Augusto Merino Medina

Desde el Concilio Vaticano II los papas prácticamente nunca más han recurrido a usar de modo solemne su autoridad de maestros supremos de la Iglesia. No ha habido definiciones del tipo de las que gozan de la infalibilidad concedida al Romano Pontífice en las determinadas y muy circunscritas ocasiones en que se obliga a los fieles a tener algo como revelación divina. Lo más cercano que hemos presenciado a una definición de tal naturaleza ha sido la declaración de San Juan Pablo II sobre la imposibilidad de ordenar mujeres a las sagradas órdenes [Nota de la Redacción: véase aquí asimismo la precisión sobre el alcance de esta declaración hecha en su día por la Congregación para la Doctrina de la Fe]. Ni siquiera son frecuentes los mandatos que, en cuanto Supremos Pontífices, pueden emitir para el gobierno de la Iglesia universal en lo que cae dentro de su competencia –que no es, por cierto, ilimitada; por el contrario, los papas posconciliares se han limitado a navegar en las aguas imprecisas y confusas del diálogo.

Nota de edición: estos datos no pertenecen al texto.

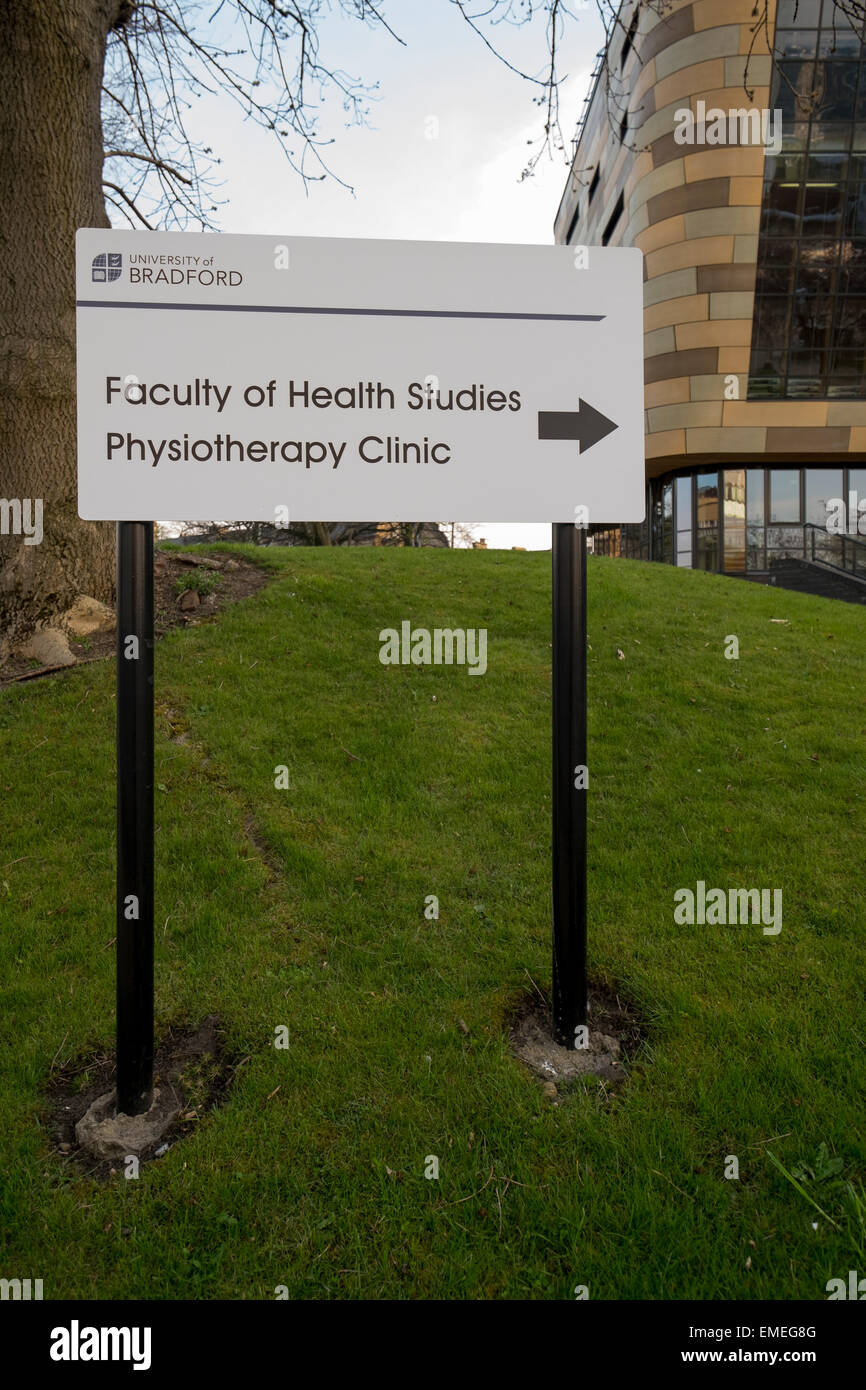 The University of Bradford is a public, plate glass university located in the city of Bradford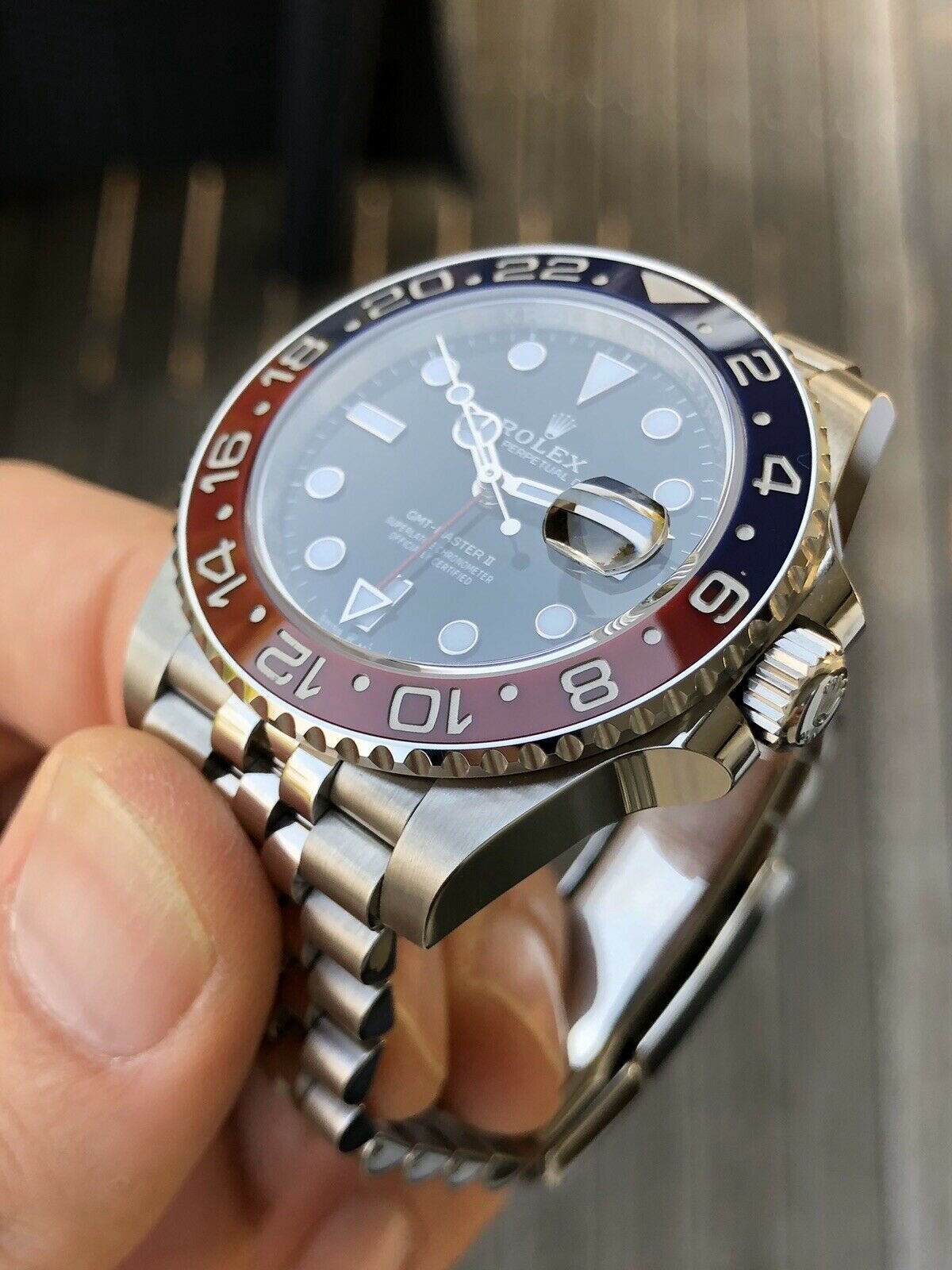 Pepsi rolex sales gmt master 2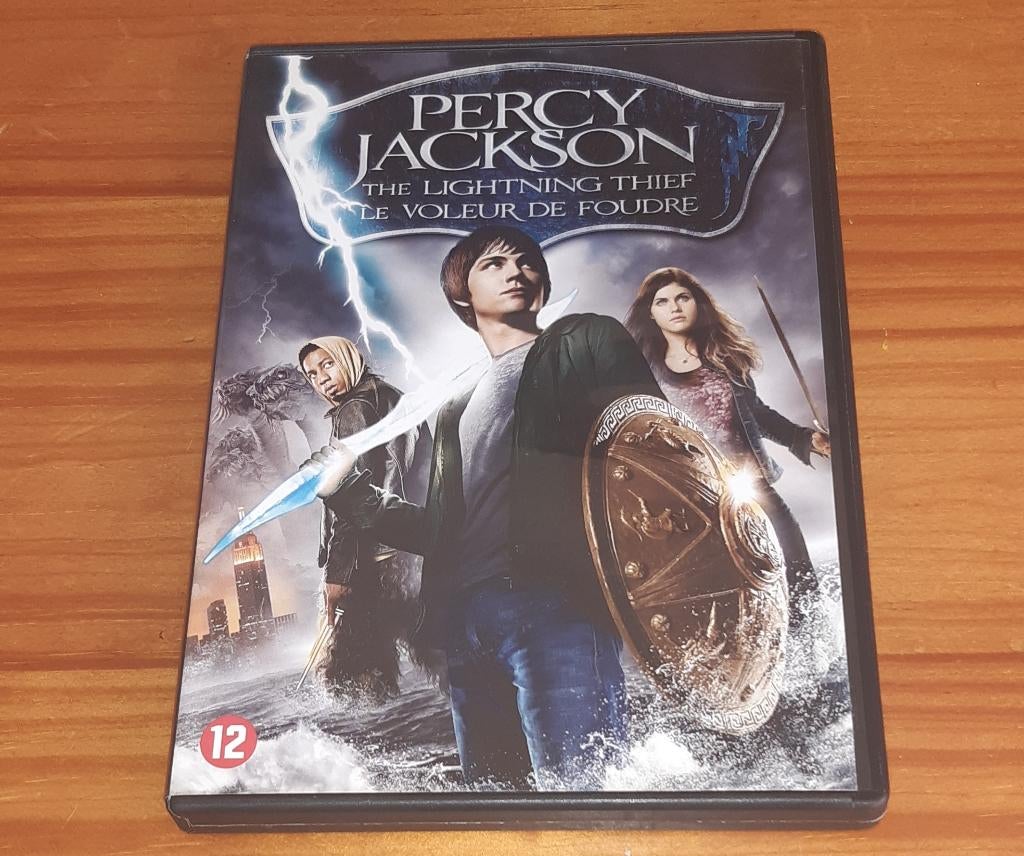 Percy Jackson & The OlympiansThe Lightning Thief DVD Fantasy, Vanaf 12 jaar, Ophalen of Verzenden, Zo goed als nieuw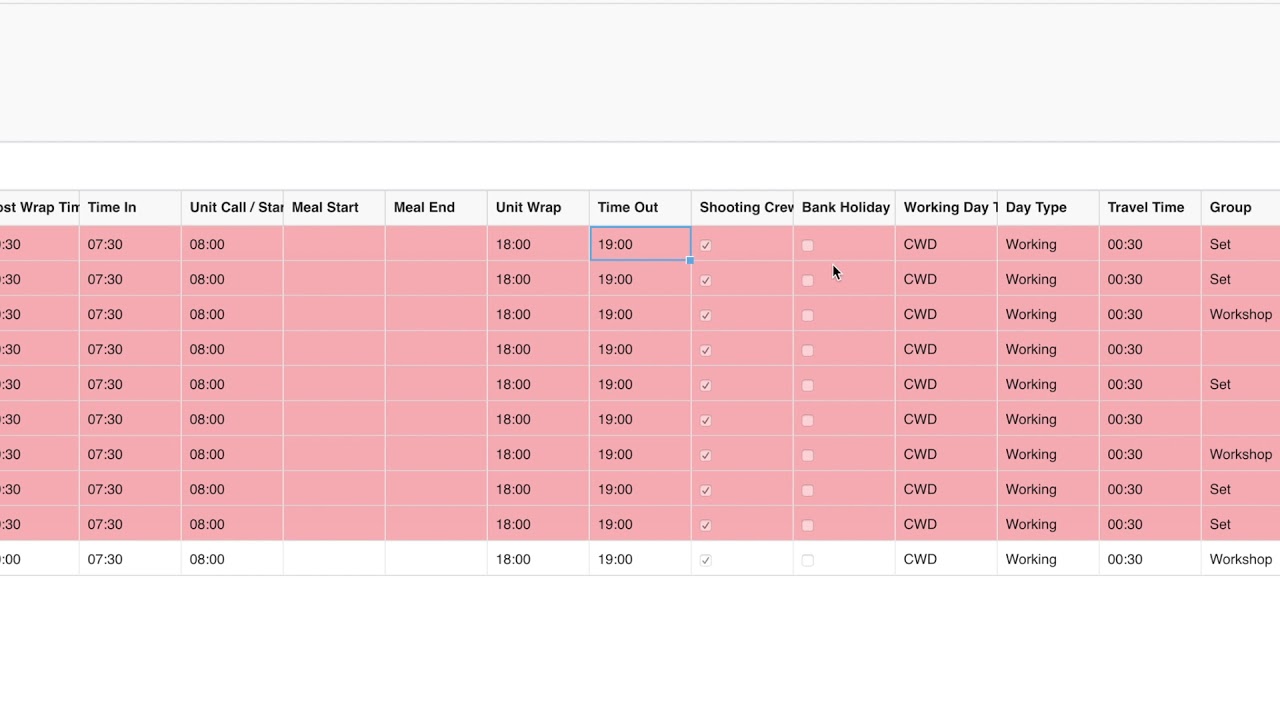 CrewStart&trade; - Creating Daily Time Reports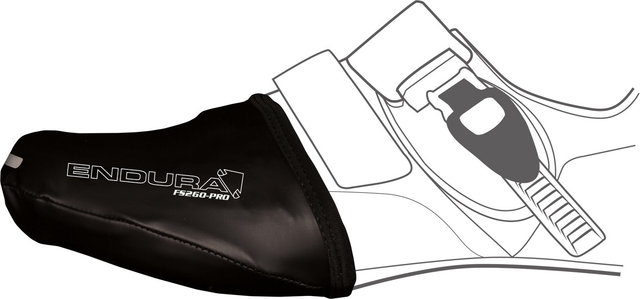Endura FS260-Pro Slick Zehenschutz - black/37 - 46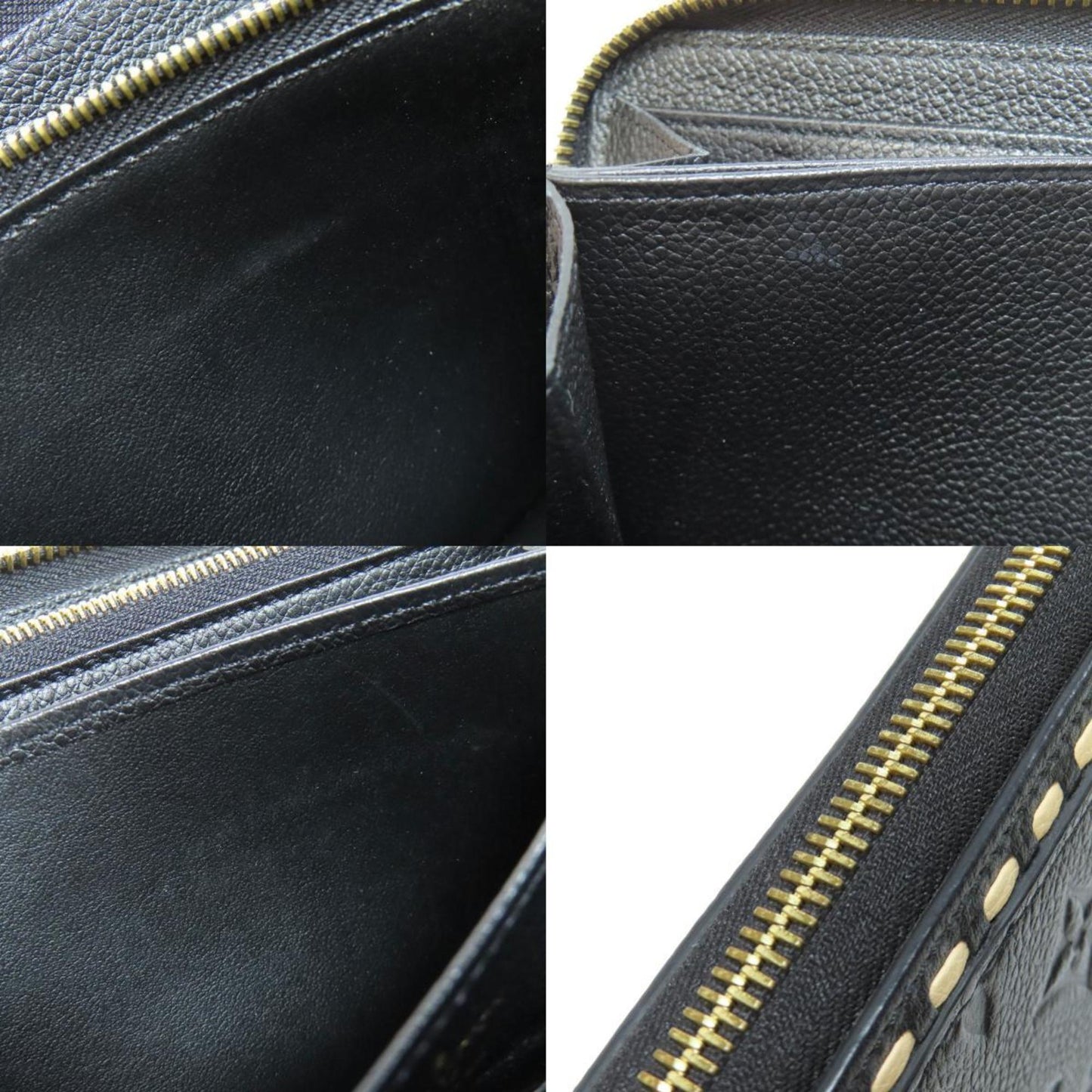 Zippy Wallet Empreinte Leather M60543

Por eso sorprende la declaración del actual Romano Pontífice en orden a que la reforma litúrgica, emprendida por el comité encargado de poner por obra los lineamientos litúrgicos del Concilio Vaticano II, es de carácter “irreversible”. En efecto, el pasado día 24 de agosto, en un discurso sobre la reforma litúrgica del papa Pablo VI, pronunciado frente a los participantes de la LXVIII Semana Nacional de Liturgia, el papa Francisco declaró: “Después de este magisterio, después de este largo camino, podemos afirmar con seguridad y autoridad magisterial que la reforma litúrgica es irreversible”.

Analicemos aquí brevísimamente el valor de esta declaración.

Lo primero que salta a la vista es que la enseñanza, que es propia del maestro de la Iglesia, no queda en absoluto clara. Incluso se puede decir que carece de contenido. No se declara bueno y conforme a la Fe materia alguna, ni se condena nada que se le oponga o la perjudique. La “irreversibilidad” de una reforma eclesiástica no es materia propia de una enseñanza ni pontificia ni de ningún otro carácter: a lo más es la expresión de un deseo, de una sentida aspiración de quien hace dicha afirmación. 



Naturalmente, queda entregado al criterio de los fieles, el si un determinado hecho histórico tiene o no consecuencias irreversibles. A quien conozca mínimamente el curso de las cosas humanas le parecerá dudoso que se pueda afirmar, respecto de cualquier episodio histórico, que “la rueda de la fortuna” está clavada y detenida. Nada hay más cambiante y voluble que la historia humana, incluida naturalmente la historia eclesiástica. 

El Santo Padre en dicho discurso, por otra parte, no sólo no define ninguna cuestión en disputa sino que no manda ni prohíbe nada. Quizá el Sumo Pontífice ha advertido lo riesgoso que sería entrar en ese terreno, viviendo todavía el papa Benedicto XVI, y habiendo en la Iglesia tal crisis litúrgica actualmente. No sería conveniente contradecir paladinamente lo expuesto por Benedicto XVI en el motu proprio Summorum Pontificum, y las probabilidades de despertar apasionadas reacciones en contra son muy grandes si, en este momento, se llegara a prohibir el milenario rito romano en su forma original.

Por eso es que, empeñar la autoridad magisterial en favor de un deseo o de una aspiración papal, no puede sino parecer una extraña e incomprensible actitud, quizá el enérgico deseo de que la liturgia siga caminando por el camino que actualmente lleva, que para muchos que saben de la materia es lamentable. Pero ello no implica aquí ejercicio ni de autoridad (no se puede imponer el compartir un deseo) ni de magisterio (con la expresión de dicho deseo no se enseña nada al Pueblo de Dios).